Autre élément, l'absence actuelle d'épidémies, en dehors de la gastro-entérite. Mais si les patients n'ont pas envahi les urgences, ils ont afflué dans les cabinets de garde. "A Clamart, le temps d'attente était deux fois plus long que d'habitude, deux heures en moyenne", confie Jean-Claude Hamon. Enfin, certains malades légers ont sans doute renoncé à consulter ou ont pris les devants.

Après les bonnets rouges, les bonnets blancs?
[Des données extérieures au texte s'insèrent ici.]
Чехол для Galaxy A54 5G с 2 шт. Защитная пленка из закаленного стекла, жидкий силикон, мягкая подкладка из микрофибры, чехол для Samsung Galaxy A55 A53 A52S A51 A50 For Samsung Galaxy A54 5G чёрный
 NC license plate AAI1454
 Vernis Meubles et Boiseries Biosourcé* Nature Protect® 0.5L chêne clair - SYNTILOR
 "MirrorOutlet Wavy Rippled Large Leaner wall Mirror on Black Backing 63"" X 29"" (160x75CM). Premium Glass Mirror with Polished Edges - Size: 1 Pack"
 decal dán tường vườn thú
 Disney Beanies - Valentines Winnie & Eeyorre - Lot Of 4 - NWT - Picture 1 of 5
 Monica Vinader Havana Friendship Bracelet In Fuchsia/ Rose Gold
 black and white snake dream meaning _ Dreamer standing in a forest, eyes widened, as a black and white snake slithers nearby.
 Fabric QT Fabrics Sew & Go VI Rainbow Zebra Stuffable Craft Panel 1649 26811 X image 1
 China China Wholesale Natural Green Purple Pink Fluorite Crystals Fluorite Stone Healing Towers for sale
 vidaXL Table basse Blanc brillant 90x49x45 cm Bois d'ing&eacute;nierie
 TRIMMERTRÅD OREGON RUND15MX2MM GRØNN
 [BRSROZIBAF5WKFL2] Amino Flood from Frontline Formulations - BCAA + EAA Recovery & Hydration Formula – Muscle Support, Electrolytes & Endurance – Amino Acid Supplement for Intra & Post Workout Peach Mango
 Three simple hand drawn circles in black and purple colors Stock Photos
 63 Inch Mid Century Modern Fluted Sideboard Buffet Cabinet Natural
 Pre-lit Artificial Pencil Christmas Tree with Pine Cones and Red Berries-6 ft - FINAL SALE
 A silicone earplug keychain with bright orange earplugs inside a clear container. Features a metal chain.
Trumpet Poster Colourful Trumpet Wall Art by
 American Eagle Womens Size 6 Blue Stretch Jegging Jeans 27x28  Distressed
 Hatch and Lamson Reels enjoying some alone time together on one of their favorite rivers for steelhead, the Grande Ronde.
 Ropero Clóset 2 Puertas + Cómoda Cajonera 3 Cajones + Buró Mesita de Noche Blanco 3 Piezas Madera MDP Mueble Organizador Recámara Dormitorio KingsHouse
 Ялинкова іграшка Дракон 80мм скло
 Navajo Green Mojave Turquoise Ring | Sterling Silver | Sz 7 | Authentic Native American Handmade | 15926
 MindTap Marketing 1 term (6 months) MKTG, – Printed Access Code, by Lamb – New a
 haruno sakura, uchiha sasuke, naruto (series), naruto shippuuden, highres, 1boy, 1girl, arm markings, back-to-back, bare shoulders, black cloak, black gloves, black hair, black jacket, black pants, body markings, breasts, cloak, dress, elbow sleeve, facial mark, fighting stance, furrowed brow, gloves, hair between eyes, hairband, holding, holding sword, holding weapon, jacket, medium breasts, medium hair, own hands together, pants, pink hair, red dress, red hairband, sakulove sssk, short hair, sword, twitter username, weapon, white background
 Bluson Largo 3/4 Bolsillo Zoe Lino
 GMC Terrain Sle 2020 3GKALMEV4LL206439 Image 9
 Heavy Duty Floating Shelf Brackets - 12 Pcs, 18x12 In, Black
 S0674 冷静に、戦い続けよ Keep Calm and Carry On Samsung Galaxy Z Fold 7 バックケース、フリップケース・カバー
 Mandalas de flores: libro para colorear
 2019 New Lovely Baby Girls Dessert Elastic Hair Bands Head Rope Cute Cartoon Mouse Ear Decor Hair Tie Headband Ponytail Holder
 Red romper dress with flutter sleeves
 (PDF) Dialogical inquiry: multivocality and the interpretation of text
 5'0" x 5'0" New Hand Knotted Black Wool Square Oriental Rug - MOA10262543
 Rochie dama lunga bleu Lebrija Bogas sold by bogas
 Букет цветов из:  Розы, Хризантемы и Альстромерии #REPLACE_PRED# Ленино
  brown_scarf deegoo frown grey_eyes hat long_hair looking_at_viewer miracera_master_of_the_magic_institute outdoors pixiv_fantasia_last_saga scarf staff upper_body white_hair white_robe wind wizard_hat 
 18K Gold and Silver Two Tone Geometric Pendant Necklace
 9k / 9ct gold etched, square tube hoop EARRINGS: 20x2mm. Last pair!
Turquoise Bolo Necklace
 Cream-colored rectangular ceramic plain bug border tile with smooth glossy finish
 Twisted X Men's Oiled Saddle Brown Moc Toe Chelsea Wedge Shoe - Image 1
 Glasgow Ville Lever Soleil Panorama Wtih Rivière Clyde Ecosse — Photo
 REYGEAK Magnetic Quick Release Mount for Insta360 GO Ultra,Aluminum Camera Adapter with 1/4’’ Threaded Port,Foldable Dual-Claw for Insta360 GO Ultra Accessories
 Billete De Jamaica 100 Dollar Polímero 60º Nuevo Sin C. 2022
Après six jours de mobilisation, les grévistes déplorent qu'aucun dialogue n'ait été ouvert par le ministère de la Santé, alors que les urgentistes ont obtenu en une journée une renégociation favorable. "La démographie libérale s'effondre : il y a trente ans, 60 % des médecins s'installaient en libéral; ils ne sont plus que 30%. Si Marisol Touraine s'accroche à cette généralisation du tiers-payant, la vraie crise sanitaire va avoir lieu", avertit le président de la FMF. Pour "soigner la surdité gouvernementale" sur ce point et sur la revalorisation de la consultation à 25 €, la pression sera maintenue jusqu'en avril.
Marisol refuse de rencontrer les médecins libéraux: ce ne sera même pas le 5 janvier, mais le 12, pas avant.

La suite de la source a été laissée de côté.